Problem statement
Pictures in the records below must be left out. Return exactly the lines from the line with "Hot Selling Burgundy" to the line with "Yellow Sapphire Engagement Ring Palmier", both included.

Records
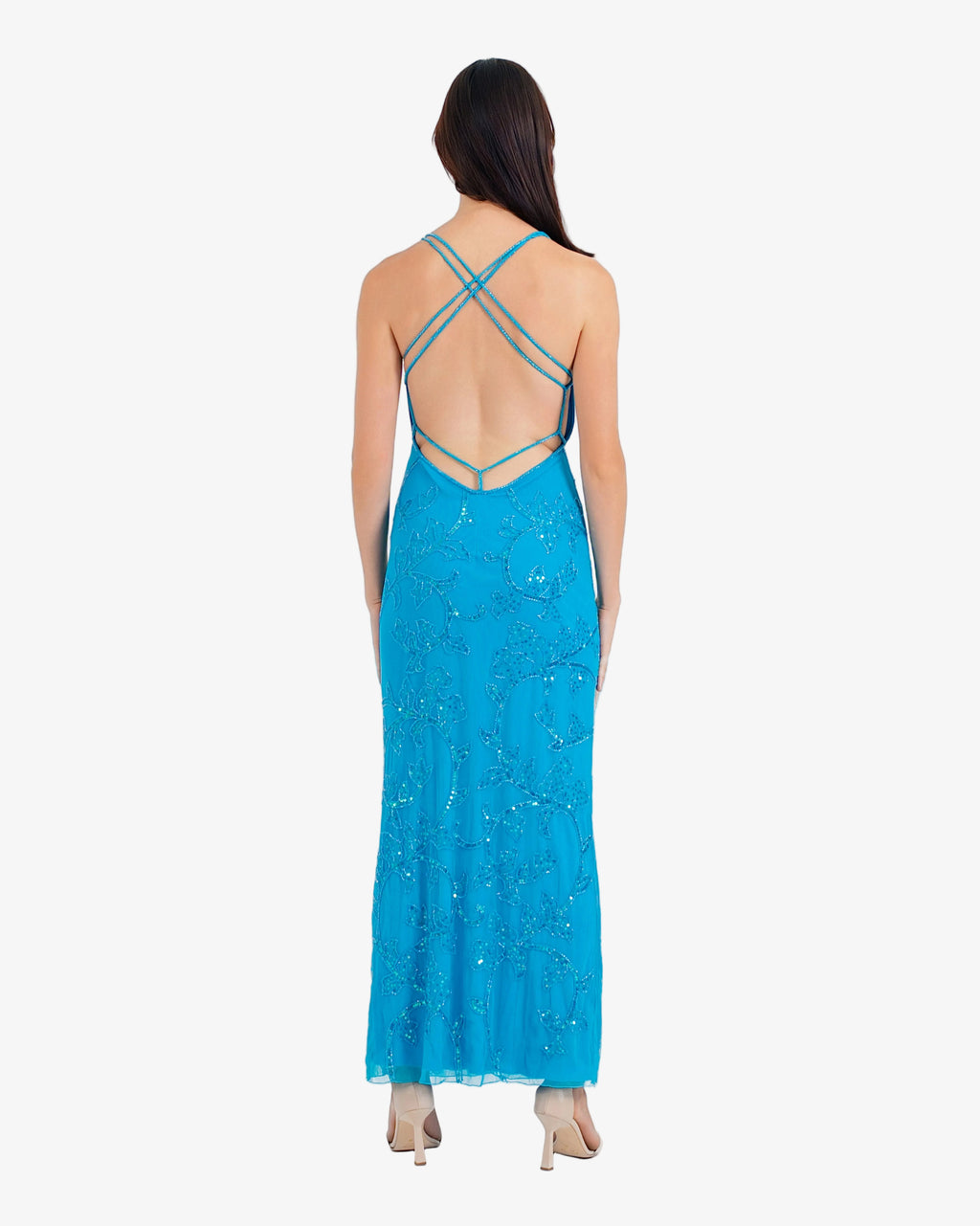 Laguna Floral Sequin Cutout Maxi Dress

...

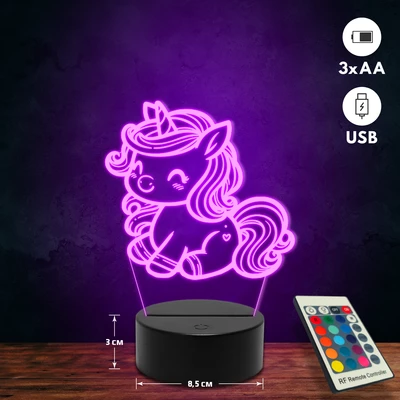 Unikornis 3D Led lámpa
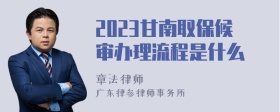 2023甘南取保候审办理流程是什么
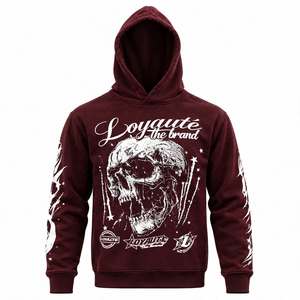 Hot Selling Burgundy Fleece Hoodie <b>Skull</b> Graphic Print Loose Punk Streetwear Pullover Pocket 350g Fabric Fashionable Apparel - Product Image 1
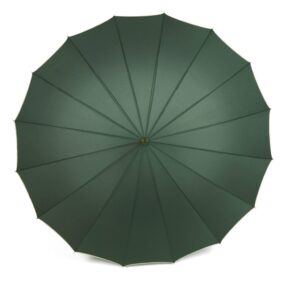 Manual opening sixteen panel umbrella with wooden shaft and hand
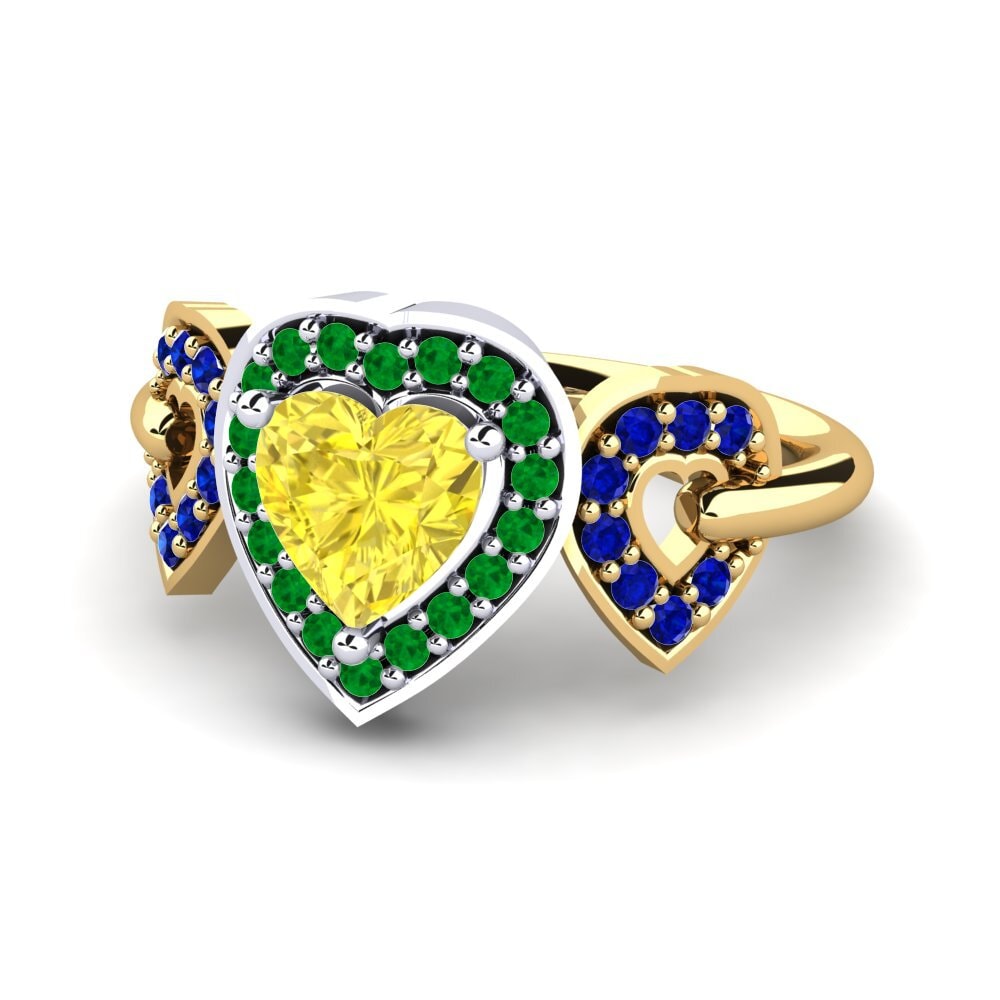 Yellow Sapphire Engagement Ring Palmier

---

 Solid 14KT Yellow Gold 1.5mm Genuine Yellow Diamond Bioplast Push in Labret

Finished exercise
 Hot Selling Burgundy Fleece Hoodie <b>Skull</b> Graphic Print Loose Punk Streetwear Pullover Pocket 350g Fabric Fashionable Apparel - Product Image 1
 Manual opening sixteen panel umbrella with wooden shaft and hand
 Yellow Sapphire Engagement Ring Palmier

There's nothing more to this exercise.